How to protect smart machines from cybersecurity attacks
Smart machines can provide enormous amounts of data and productivity, but they can be more vulnerable to cybersecurity attacks. Learn to protect, minimize operational risks in 5 ways.
- Machines are smarter and more interconnected than ever, but they are more vulnerable to cybersecurity attacks.
- Bringing information technology (IT) and operational technology (OT) together and aligning goals will go a long way to creating a secure ecosystem.
Machines are getting smarter and more interconnected, which increases their potential for manufacturers. They’re not siloed off anymore, and they can provide more value to a manufacturer beyond their initial footprint. Smart machine integration and communications abilities require attention to cybersecurity.
“At the end of the day, everyone buys a machine to be more productive,” said Nivedita Ojha, VP of products, Fort Robotics, in her presentation “Cybersecurity for Smart Machines: Tackling the Real-World Risks,” at Automate 2023 in Detroit. “Whether you’re buying a machine for manufacturing, warehouses or construction… it’s all about productivity.”
However, many of these increased capabilities result from being connected to the internet.
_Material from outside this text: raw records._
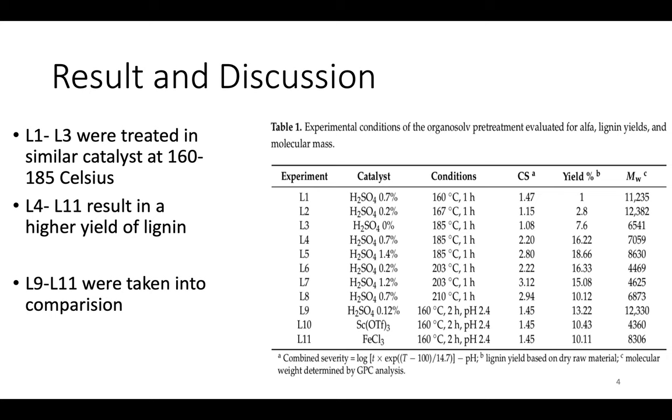Higher molecular weight samples are good for making charcoal, while samples 10 and 11 are better for making more stable products like carbon fiber. We can see that the use of sulfuric acid leads to a higher yield of lignin.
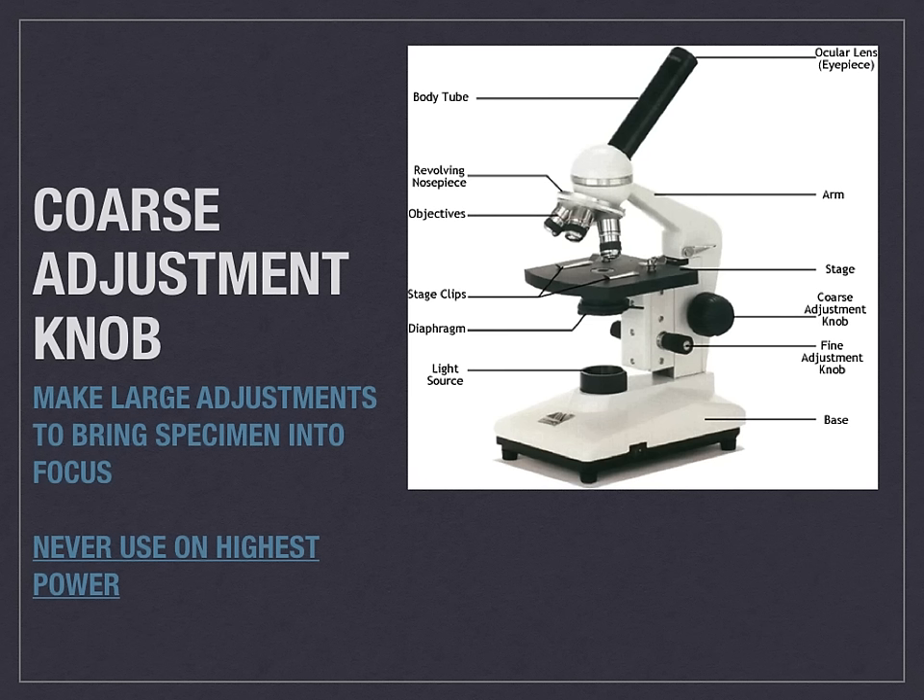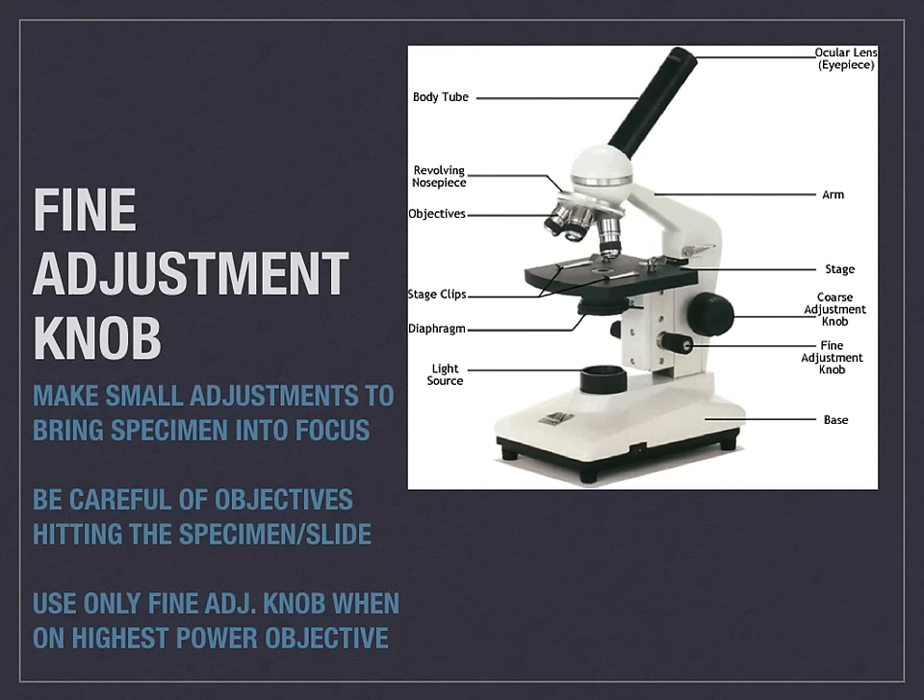You use this to initially bring the specimen into focus. When doing so, make sure you are never on the highest power. You will use this knob first, followed by the fine adjustment knob.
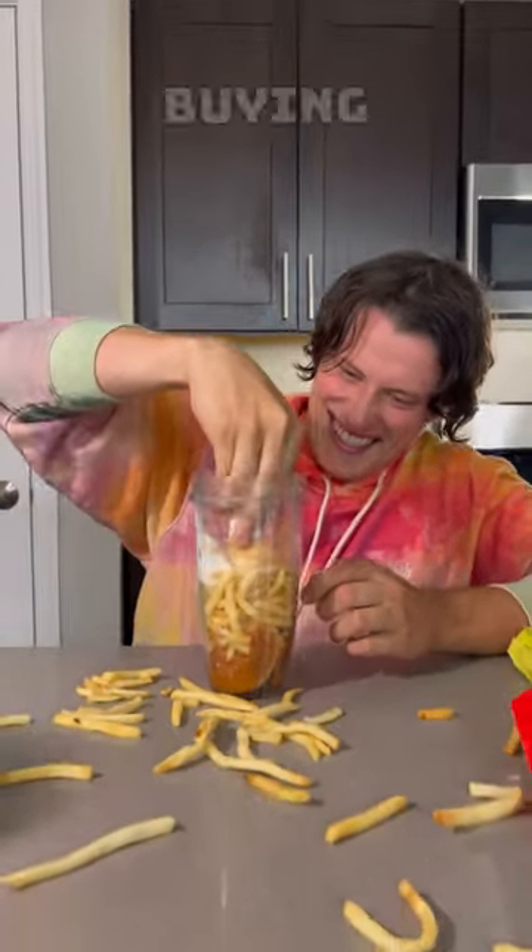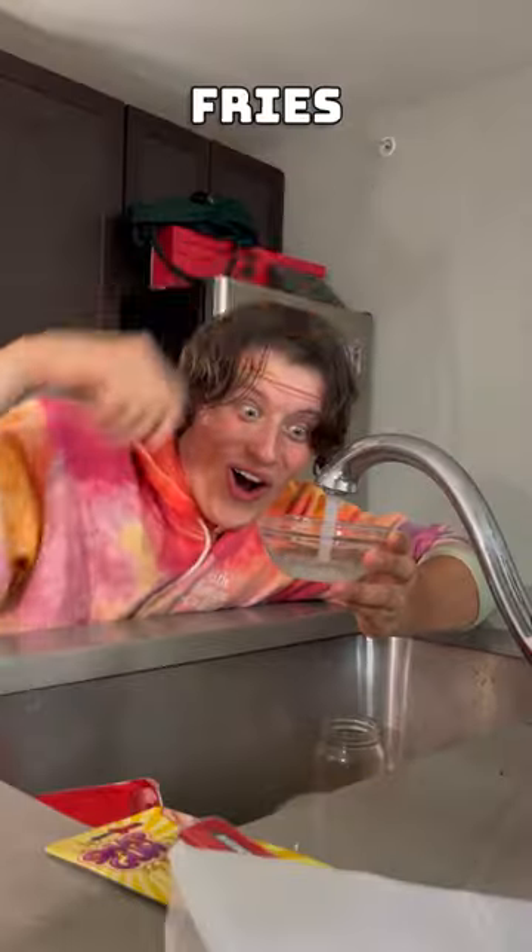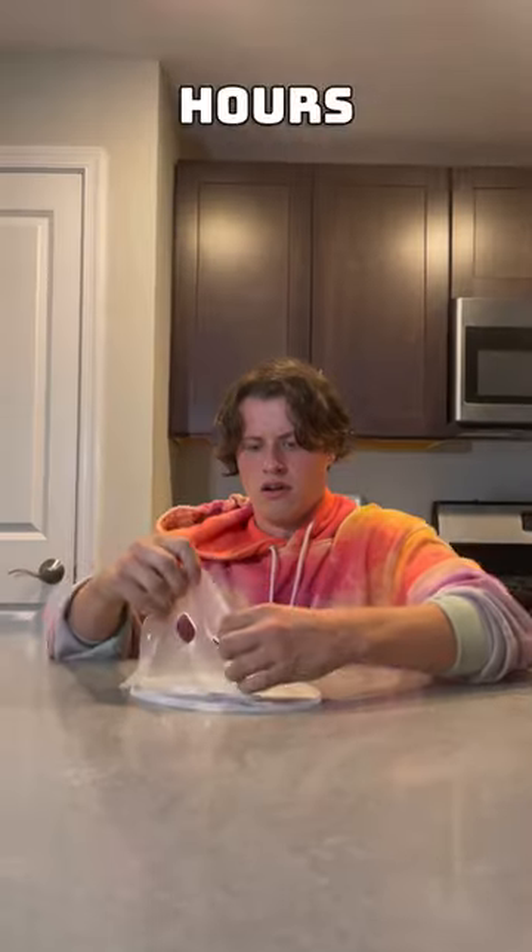McDonald's is way cheaper than buying fresh fruit and fresh vegetables. So I put a McDonald's burger, fries, and an ice cream into a blender and then I dumped that McDonald's smoothie into my face mask machine. After that, I poured it out onto the little face mask mat, and after a few hours in the fridge,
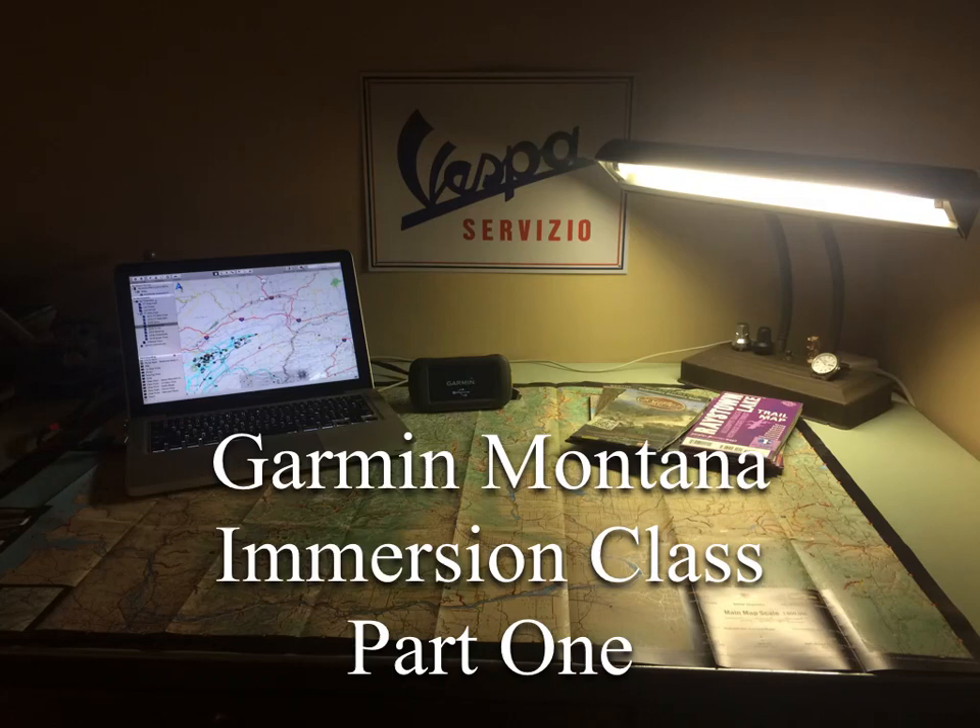This is the first video in the Garmin Montana Immersion series of classes. With the Montana, it's a much more complicated unit than the Zumo series, so this will be three parts in the Immersion class, as well as a separate video for how to display tracks. In these videos, we're going to cover all the different things in setup, as well as all your menus that pertain to adventure riding or motorcycle use in general. There are some features we're just going to gloss over — more of a hiking or hunting feature — but we'll really dive in and get you the information to set up this unit so it will work best for motorcycle use.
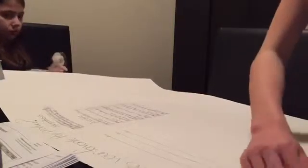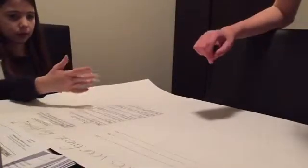Anyway, I just thought it would be cool to show you guys my science experiment. So now let's roll out the poster. Let's roll out the poster!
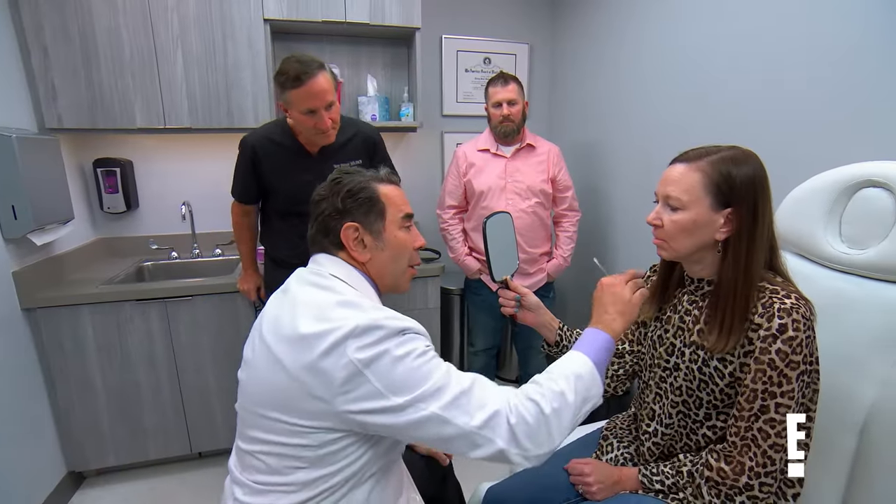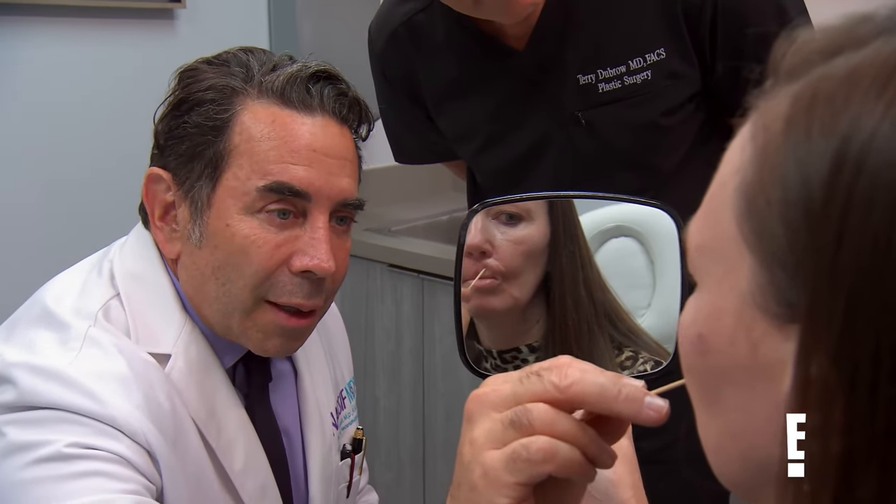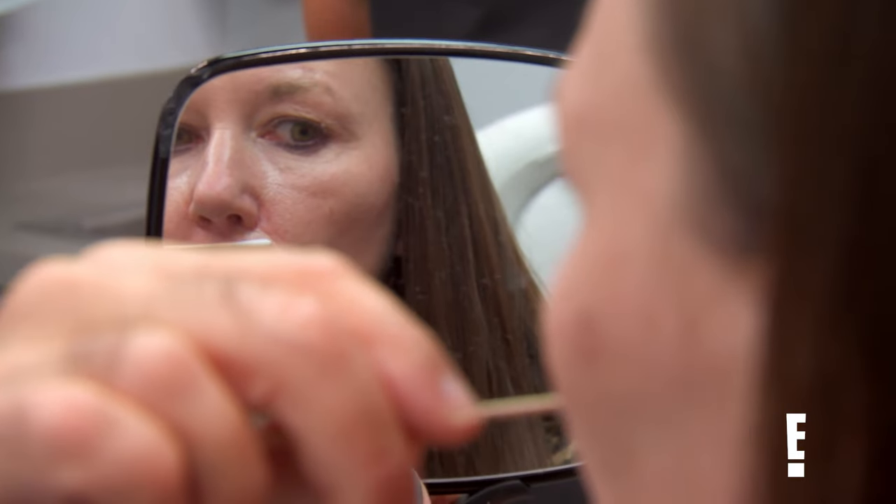If you take a look right here, we can maybe lift all this up, try to debulk some of this even down here. That will hopefully, one, get rid of some of the fullness. Two, give us a little bit of lift like that. So our goal would be to make the upper lip look more natural and normal.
The industrial Internet of Things (IIoT) has many benefits, but these operational enhancements widen exposure to potential cyberattacks.
Manufacturers now face the constant specter of a cybersecurity attack. A successful hack or breach can go beyond losing data or intellectual property (IP). A manufacturing facility also could be affected by having its production lines damaged with unplanned downtime, and workers’ safety could be at risk.
Protecting against these risks and deploying machines in a connected worksite requires a new approach to security that requires information technology (IT) and operational technology (OT) to come together.
Disruptions can have a massive impact, Ojha said. Downtime can cost thousands per minute, and unplanned downtime is even more expensive. Asset maintenance can cost millions in lost revenue per incident, as well.
Bringing IT and OT together: Predictive, protective benefits
Ojha said one of the biggest challenges is that IT and OT have evolved, but they haven’t evolved together since IIoT devices were launched in industrial environments. There are millions of connected OT machines, but security is insufficient and reactive rather than predictive and protective. This lack of alignment, coupled with resistance to IT slowing down production lines with their priorities, has created friction between the two sides.
“In this rush to bring all these devices, IT hasn’t caught up to where it needs to,” she said. Everyone knows it’s required, but they haven’t come together to solve the problem, which has resulted in a Band-Aid approach.”
OT manager priorities
Ojha used a fictional example with an OT manager overseeing a warehouse to explain key priorities and IT’s role in bridging these gaps. More than anything, Ojha said, an OT manager wants to maximize productivity with minimal disruption.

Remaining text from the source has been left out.